Exercise requirements.
Print the lines in the listing below starting at the line with "بذور فلفل بارد sweet pepper carnival blend" and ending at the line with "Puerto Del Carmen, Lanzarote: Snorkeling", both included. Reproduce them exactly and omit every picture.

Record set.

━━━

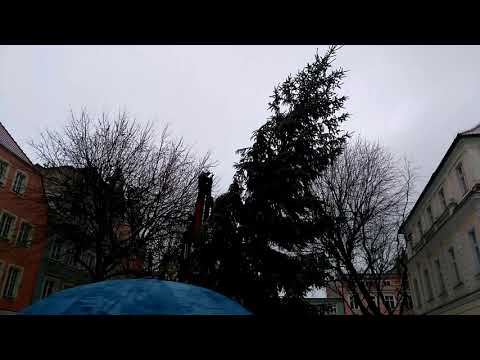 Montaż choinki na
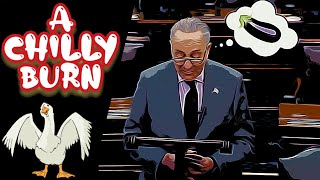 A Chilly Burn / Chuck Schumer "Donald John Trump Incited the Erection"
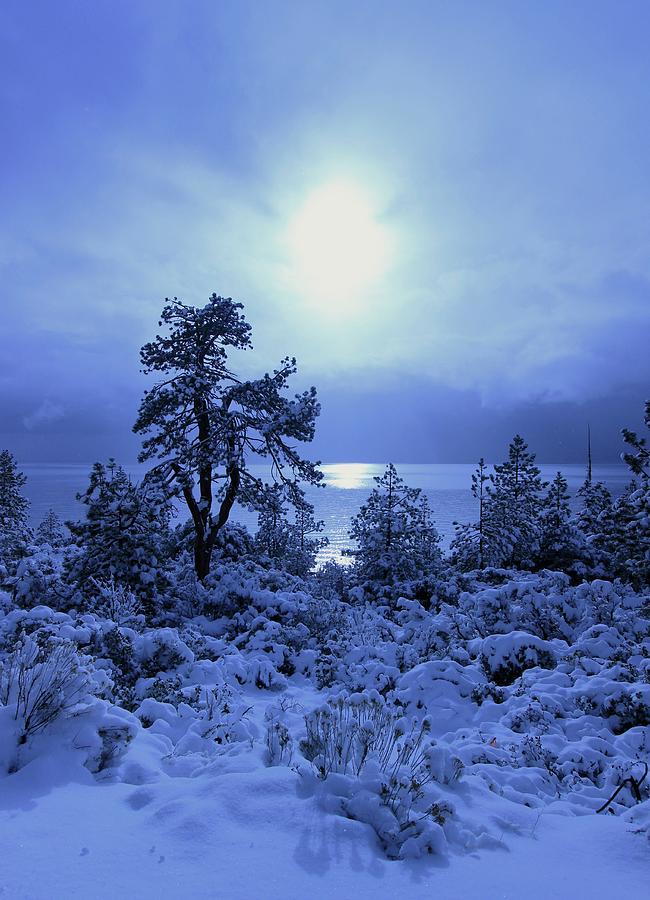  A Shining Light in Winter  Photograph by Sean Sarsfield
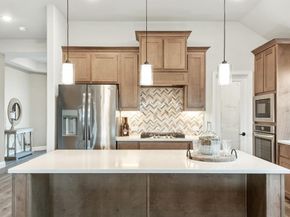 121  Emperor Oak Court , Balch Springs Texas 75181
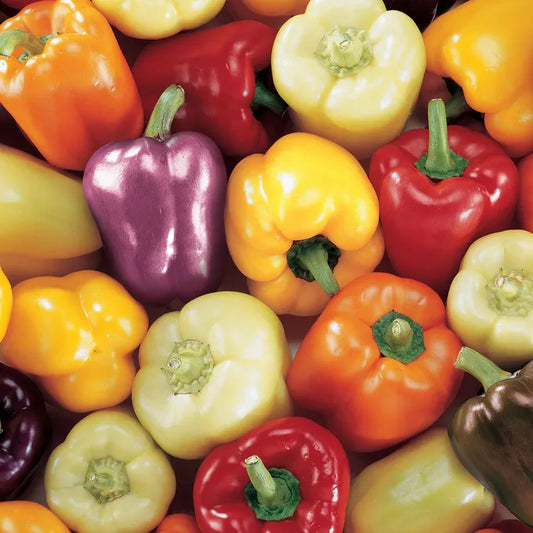 بذور فلفل بارد sweet pepper carnival blend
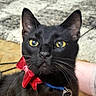 Midnite joined the competition — help win amazing prizes! black_cat, cat, feline, golden_eyes, close_up, portrait, whiskers, ears, collar, red_bow, blue_collar, pet, indoor, carpet, wood_floor, photography, animal, grooming, cute, staring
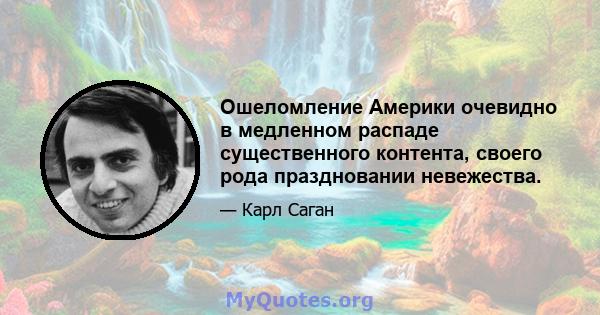 Ошеломление Америки очевидно в медленном распаде существенного контента, своего рода праздновании невежества.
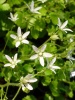 saxifraga_rotundifolia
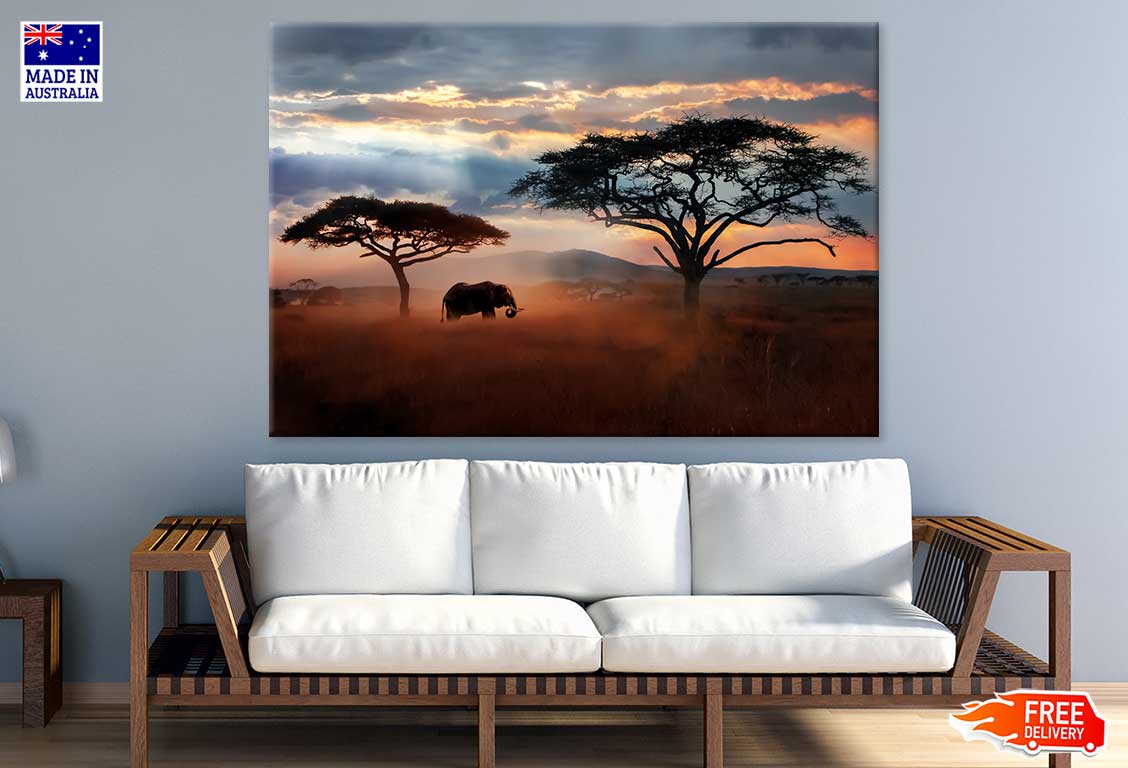 African Elephant Serengeti Park Photograph Print 100% Australian Made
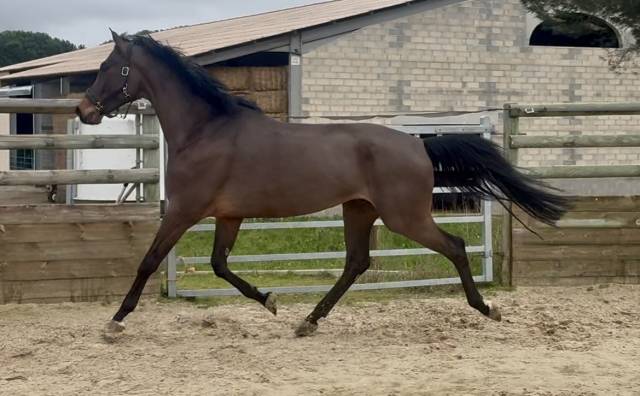 Bel hongre 5 ans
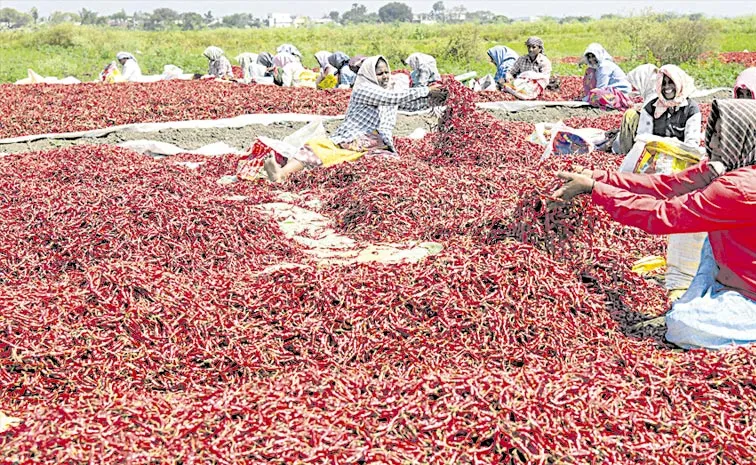 నషాళానికి పొలిటికల్‌ మిర్చి ‘ఘాటు’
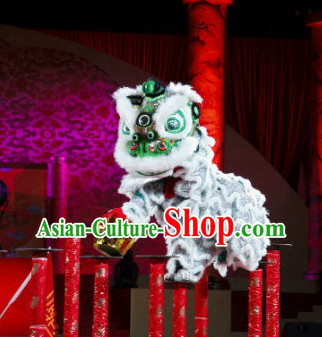 lion dance equipments for celebration and competition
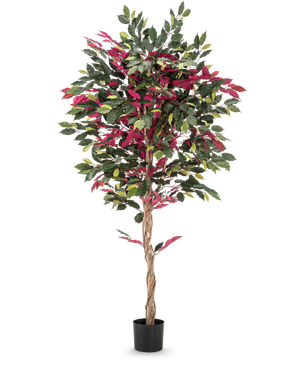 En brandhämmande konstgjord växt Ficus grön/röd på 180 cm, med vriden stam och grönröda blad i svart kruka, står mot en slät vit bakgrund.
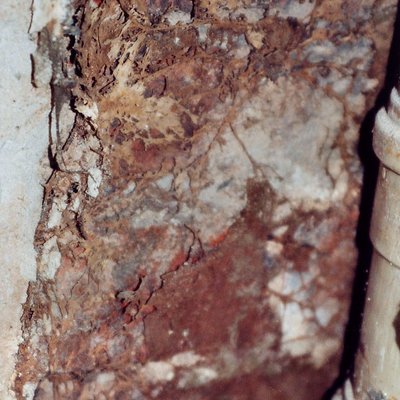 Holzschädlinge Holzschädlinge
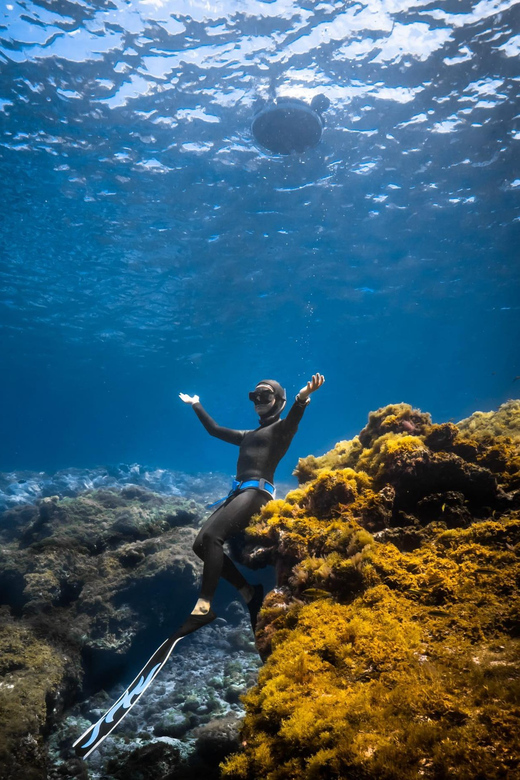 Puerto Del Carmen, Lanzarote: Snorkeling Tour - Key Points
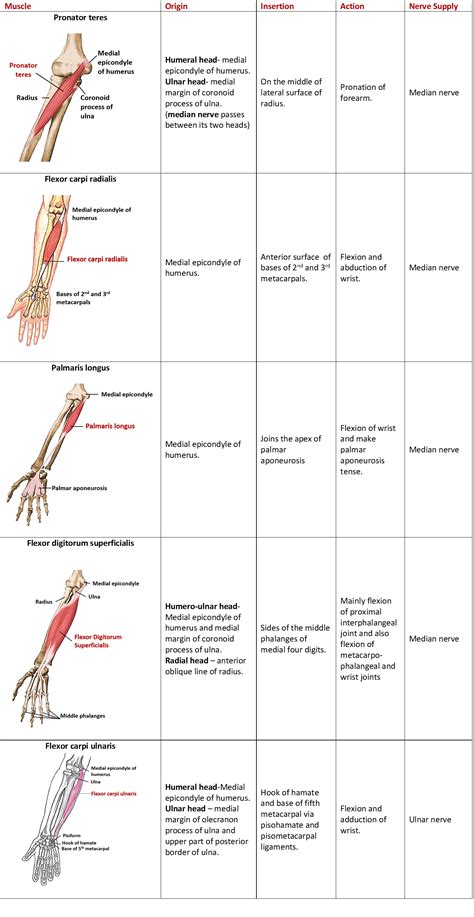 Forearm- Flexor and Extensor Compartments – Anatomy QA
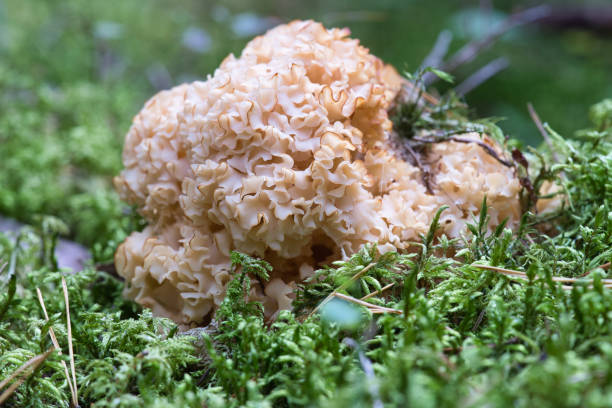 istock a Sparassis crispa or cauliflower fungus 1346584962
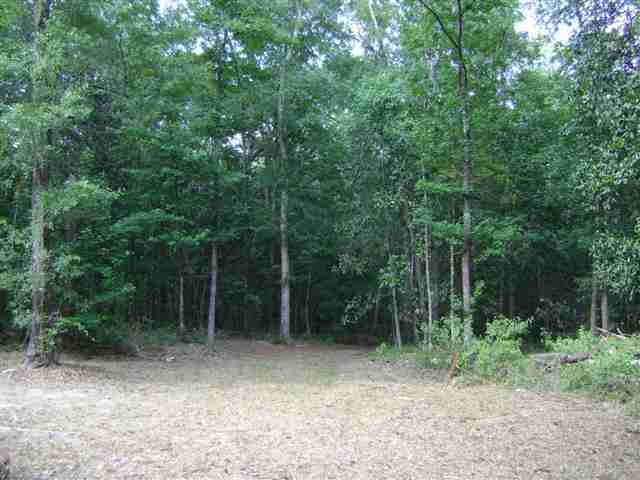 565 Small Pond Road Havana, FL 32333 - Photo 1 of 10 Gallery Image 1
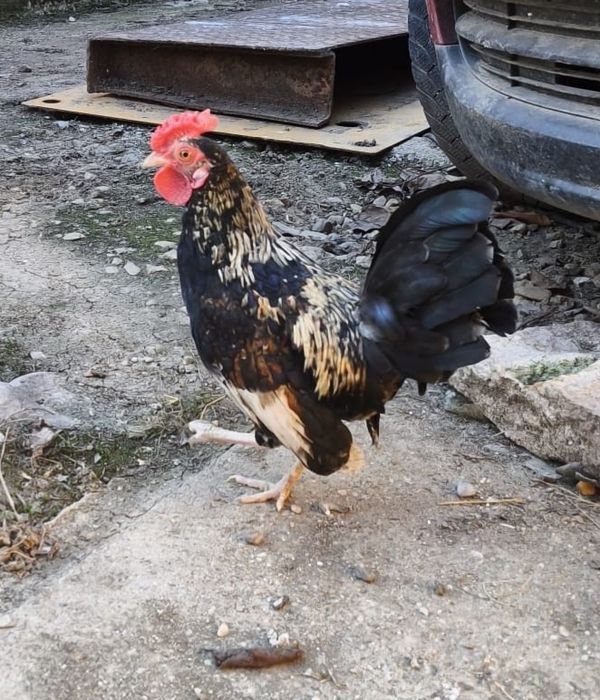 Vând 2 cocoși liliputi/pitici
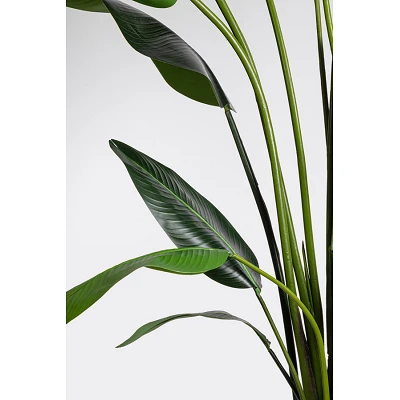 comprar PLANTA STRELITZIA CON MACETERO 18HOJAS H310 online de BIZZOTTO desde 298,39 € comprar PLANTA STRELITZIA CON MACETERO 18HOJAS H310 online de BIZZOTTO desde 298,39 €
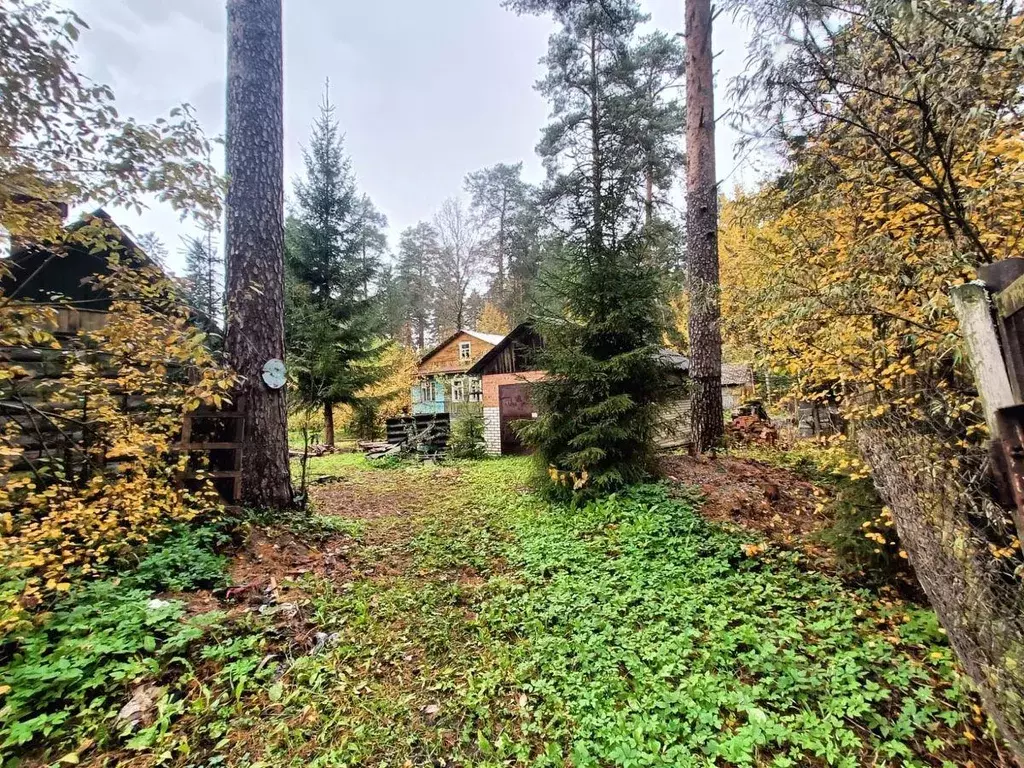 Участок, 15 сот., поселения (ижс) - Фото 1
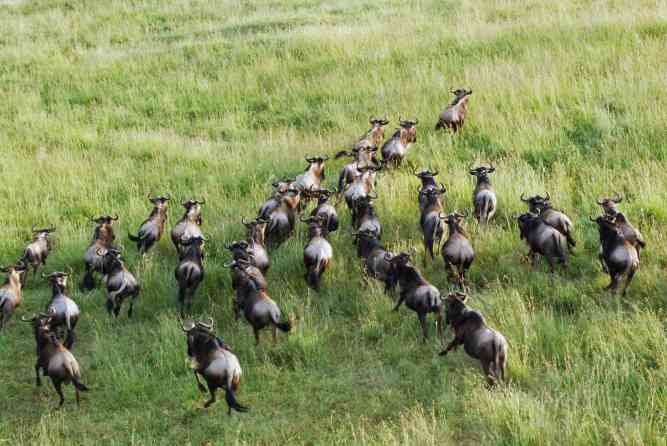Great Migration in Africa
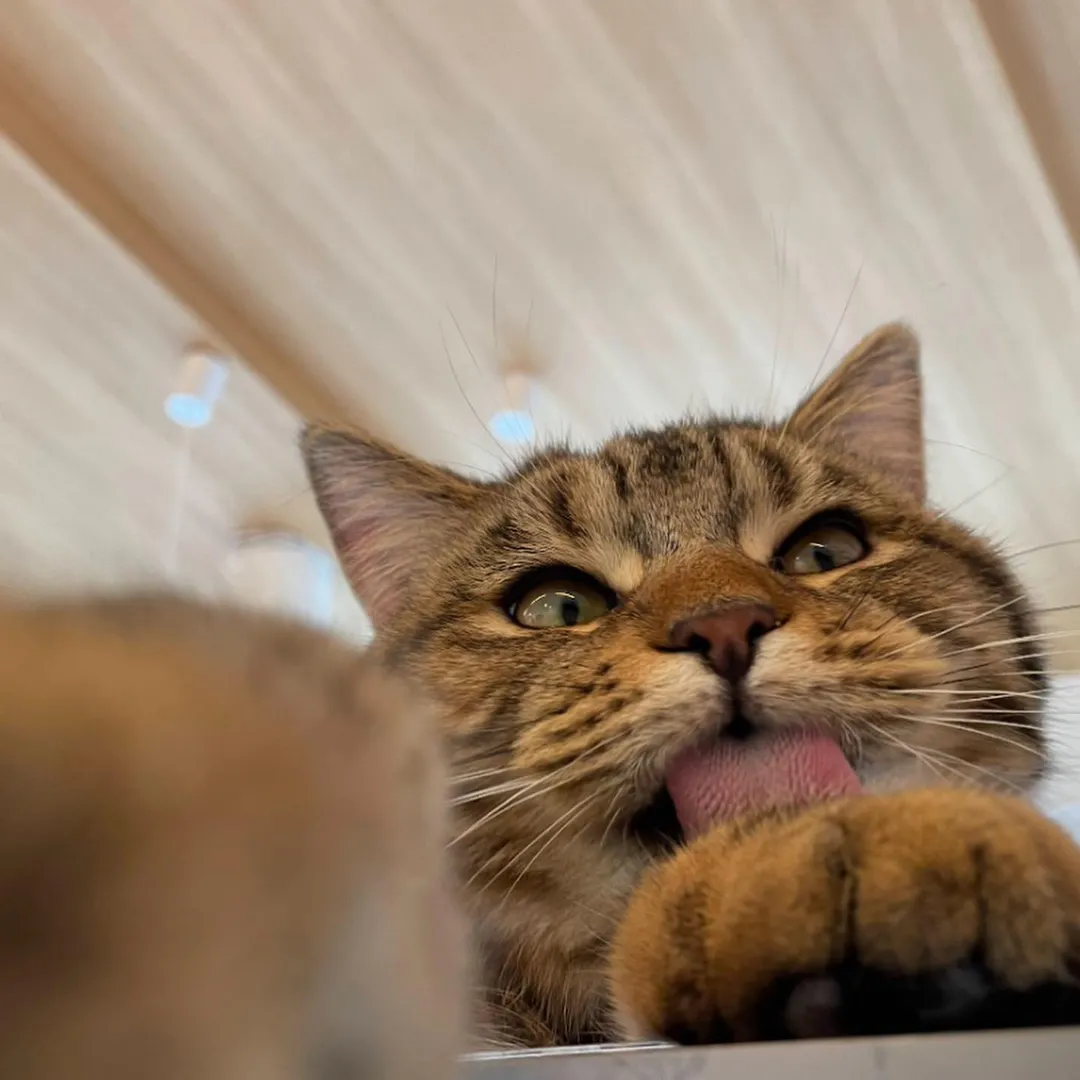 投稿の写真4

━━━

Answer space.
 بذور فلفل بارد sweet pepper carnival blend
 Midnite joined the competition — help win amazing prizes! black_cat, cat, feline, golden_eyes, close_up, portrait, whiskers, ears, collar, red_bow, blue_collar, pet, indoor, carpet, wood_floor, photography, animal, grooming, cute, staring
 Ошеломление Америки очевидно в медленном распаде существенного контента, своего рода праздновании невежества.
 saxifraga_rotundifolia
 African Elephant Serengeti Park Photograph Print 100% Australian Made
 Bel hongre 5 ans
 నషాళానికి పొలిటికల్‌ మిర్చి ‘ఘాటు’
 lion dance equipments for celebration and competition
 En brandhämmande konstgjord växt Ficus grön/röd på 180 cm, med vriden stam och grönröda blad i svart kruka, står mot en slät vit bakgrund.
 Holzschädlinge Holzschädlinge
 Puerto Del Carmen, Lanzarote: Snorkeling Tour - Key Points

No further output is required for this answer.